Web page caption snippets:
=-=-=

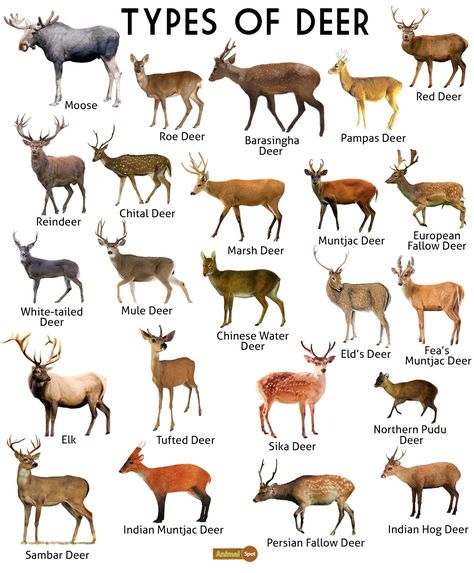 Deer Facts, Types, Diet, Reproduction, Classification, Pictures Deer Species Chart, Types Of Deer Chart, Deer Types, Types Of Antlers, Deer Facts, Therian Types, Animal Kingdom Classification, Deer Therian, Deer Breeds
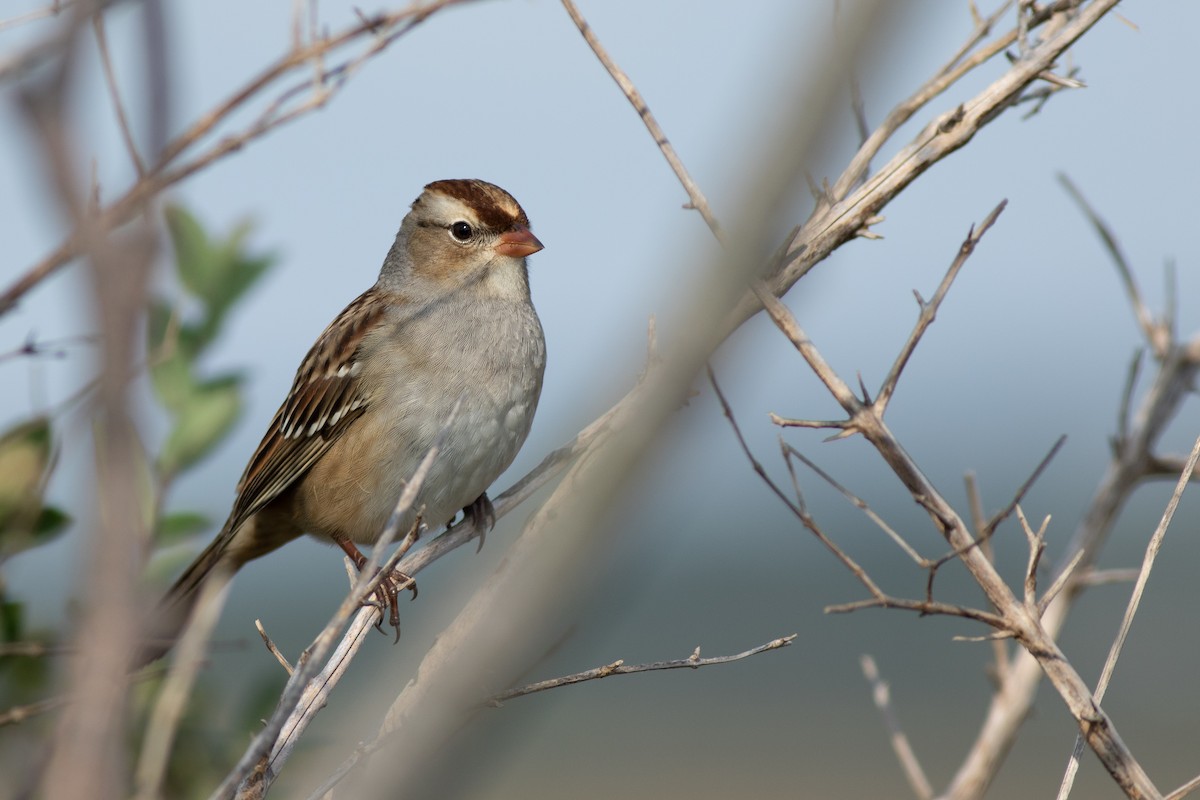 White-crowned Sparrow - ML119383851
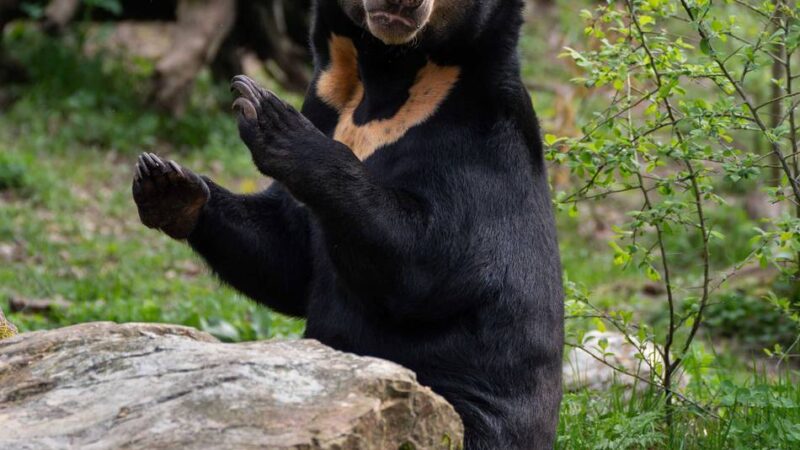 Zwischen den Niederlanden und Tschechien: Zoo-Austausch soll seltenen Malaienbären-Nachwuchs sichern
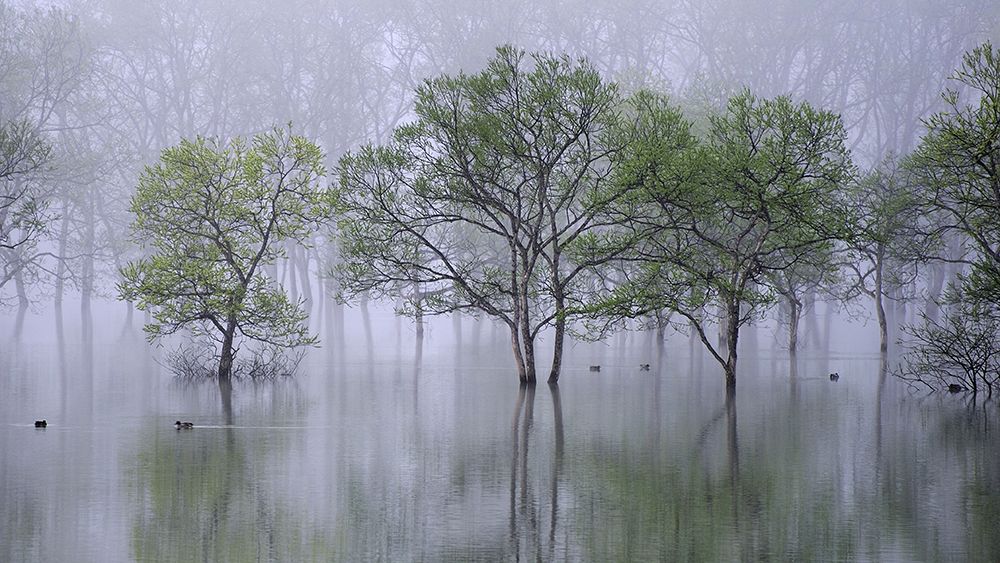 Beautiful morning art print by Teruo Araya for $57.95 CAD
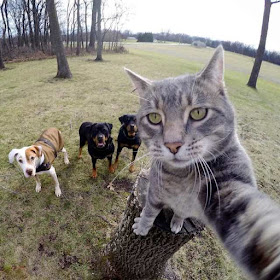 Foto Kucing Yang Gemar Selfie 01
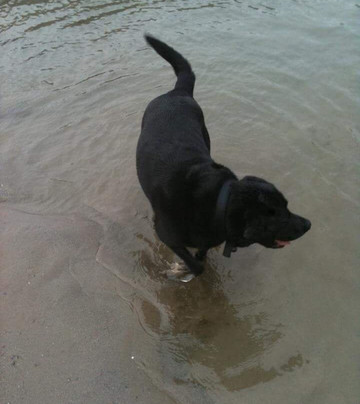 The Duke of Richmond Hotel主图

=-=-=

What to do:
Nothing but an exact copy is needed, covering the lines from the line with "Zwischen den Niederlanden" through the last line of the entries, pictures excluded.

Written response:
 Zwischen den Niederlanden und Tschechien: Zoo-Austausch soll seltenen Malaienbären-Nachwuchs sichern
 Beautiful morning art print by Teruo Araya for $57.95 CAD
 Foto Kucing Yang Gemar Selfie 01
 The Duke of Richmond Hotel主图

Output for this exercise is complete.